* Your instructions *
No pictures belong in the copy. Retype exactly, and only, the stretch of lines below from the one with "We also offer" through the one with "Today we are".

* Record excerpts *

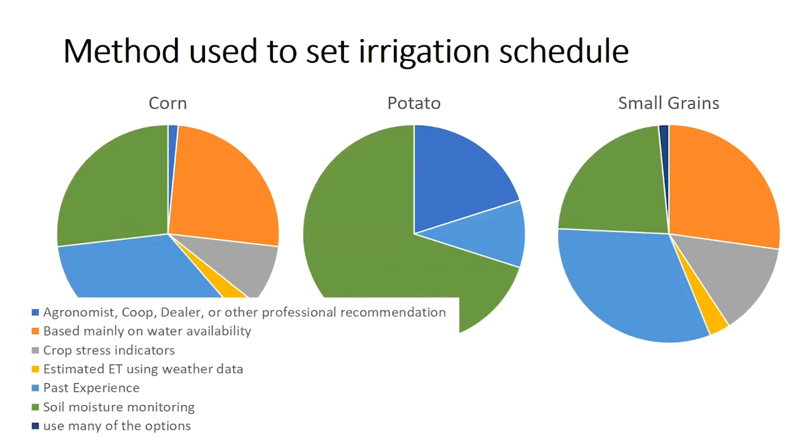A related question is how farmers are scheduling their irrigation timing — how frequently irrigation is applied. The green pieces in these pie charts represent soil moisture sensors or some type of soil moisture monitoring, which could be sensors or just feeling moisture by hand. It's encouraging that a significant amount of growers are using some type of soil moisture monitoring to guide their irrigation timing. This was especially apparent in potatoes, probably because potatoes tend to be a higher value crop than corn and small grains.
...
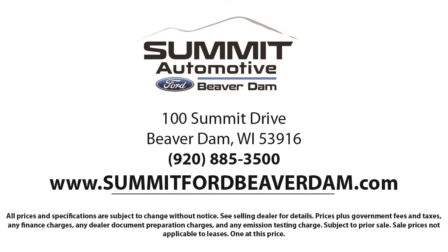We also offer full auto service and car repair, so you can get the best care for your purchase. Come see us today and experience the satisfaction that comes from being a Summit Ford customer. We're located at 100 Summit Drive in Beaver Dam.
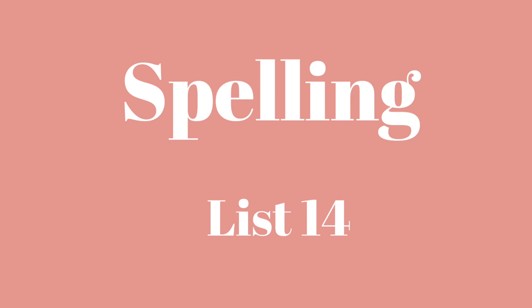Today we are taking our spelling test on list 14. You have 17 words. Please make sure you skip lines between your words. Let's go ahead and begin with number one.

* Exercise answer *
We also offer full auto service and car repair, so you can get the best care for your purchase. Come see us today and experience the satisfaction that comes from being a Summit Ford customer. We're located at 100 Summit Drive in Beaver Dam.
Today we are taking our spelling test on list 14. You have 17 words. Please make sure you skip lines between your words. Let's go ahead and begin with number one.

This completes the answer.